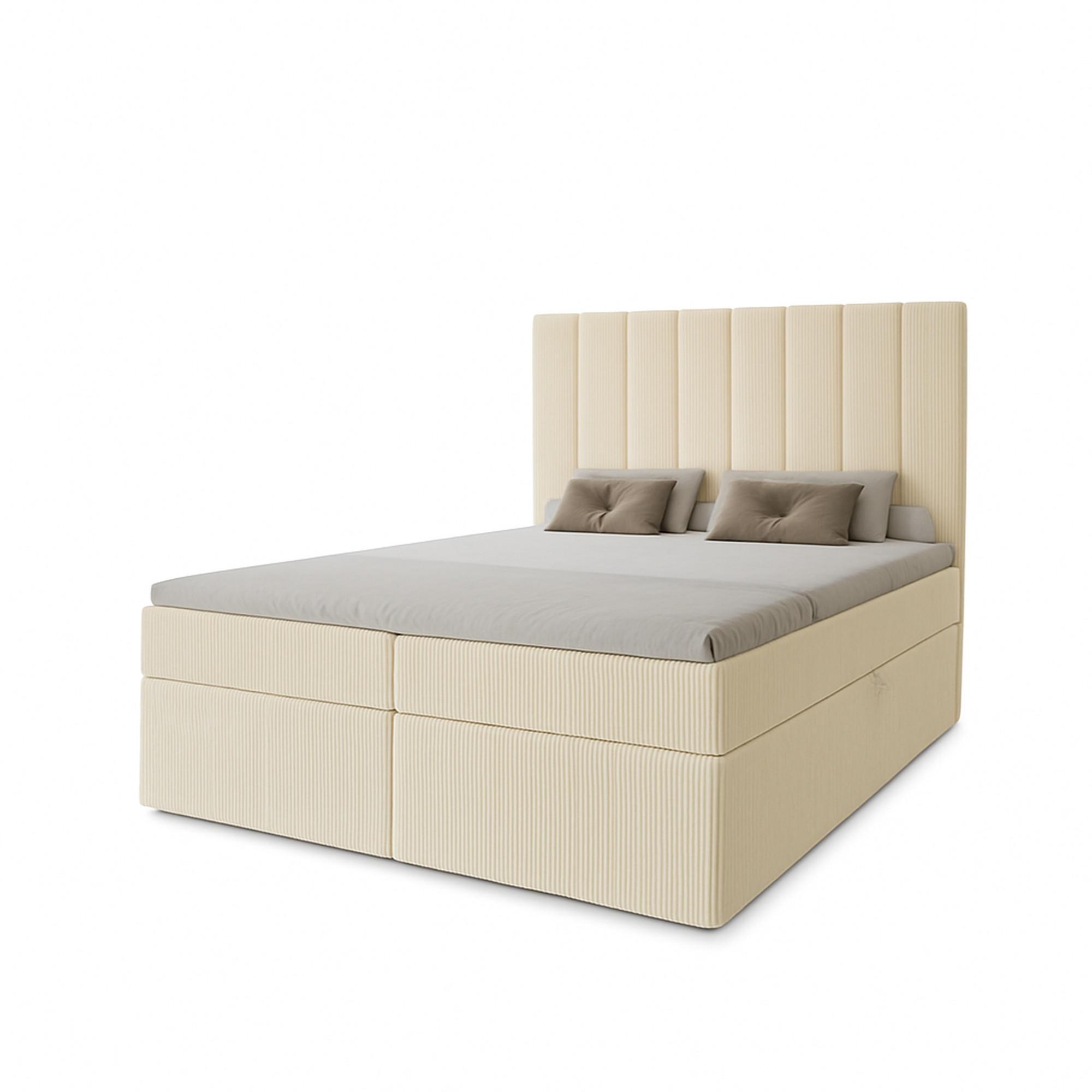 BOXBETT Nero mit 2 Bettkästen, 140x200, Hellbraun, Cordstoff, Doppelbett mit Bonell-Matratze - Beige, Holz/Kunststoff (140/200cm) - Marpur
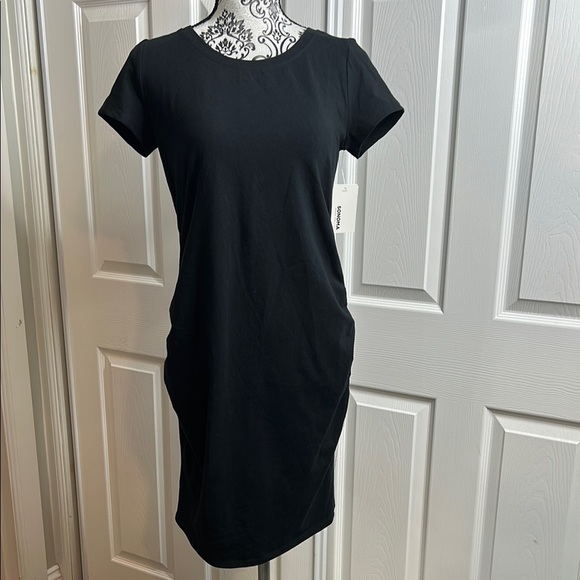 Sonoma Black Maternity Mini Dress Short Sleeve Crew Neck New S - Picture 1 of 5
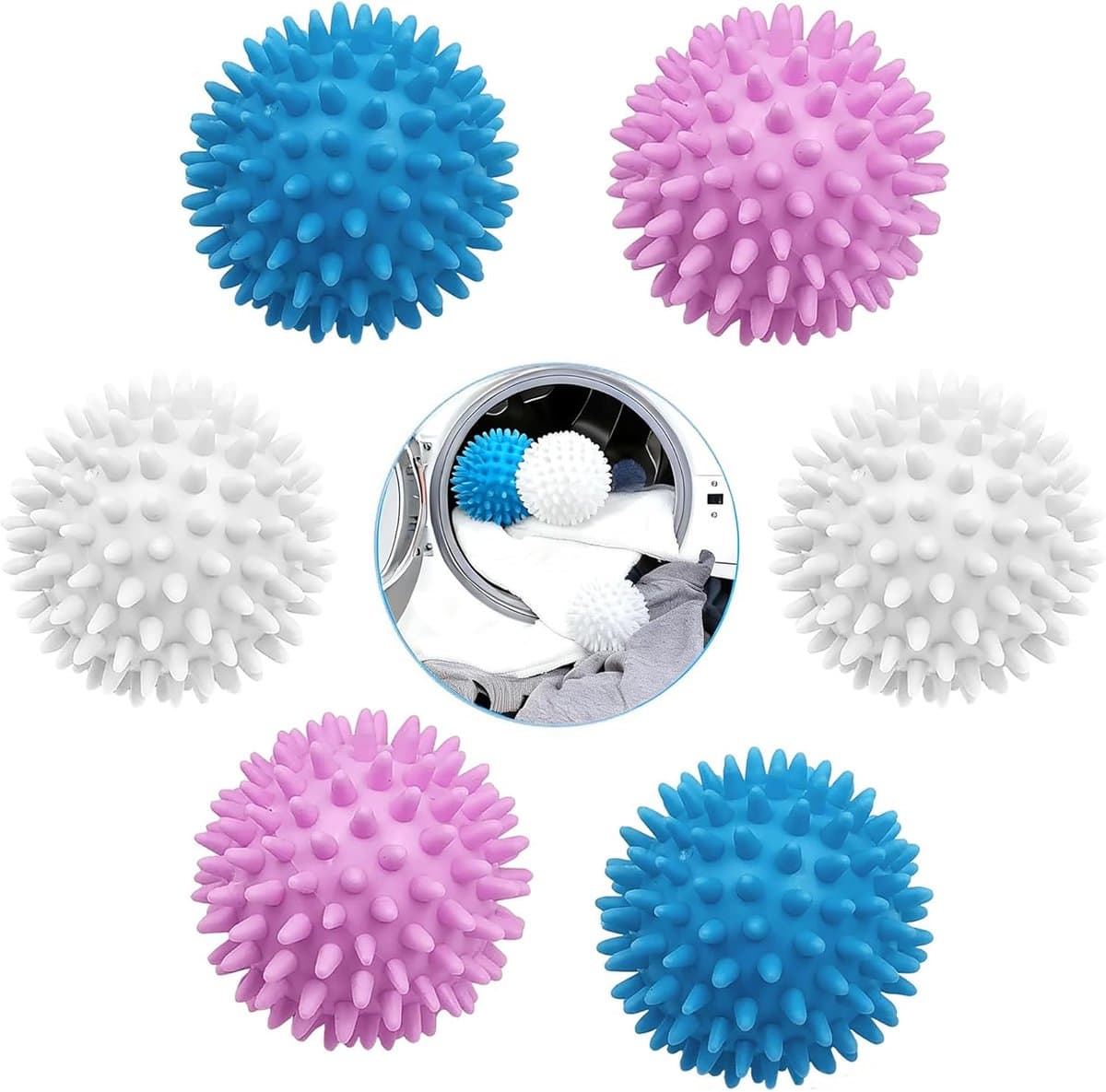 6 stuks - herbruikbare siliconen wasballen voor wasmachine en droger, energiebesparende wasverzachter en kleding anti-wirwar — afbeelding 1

════

** EXERCISE DIRECTIONS **
Hand back the data above exactly, with no images.

** SOLUTION TO THIS PROBLEM **
 BOXBETT Nero mit 2 Bettkästen, 140x200, Hellbraun, Cordstoff, Doppelbett mit Bonell-Matratze - Beige, Holz/Kunststoff (140/200cm) - Marpur
 Sonoma Black Maternity Mini Dress Short Sleeve Crew Neck New S - Picture 1 of 5
 6 stuks - herbruikbare siliconen wasballen voor wasmachine en droger, energiebesparende wasverzachter en kleding anti-wirwar — afbeelding 1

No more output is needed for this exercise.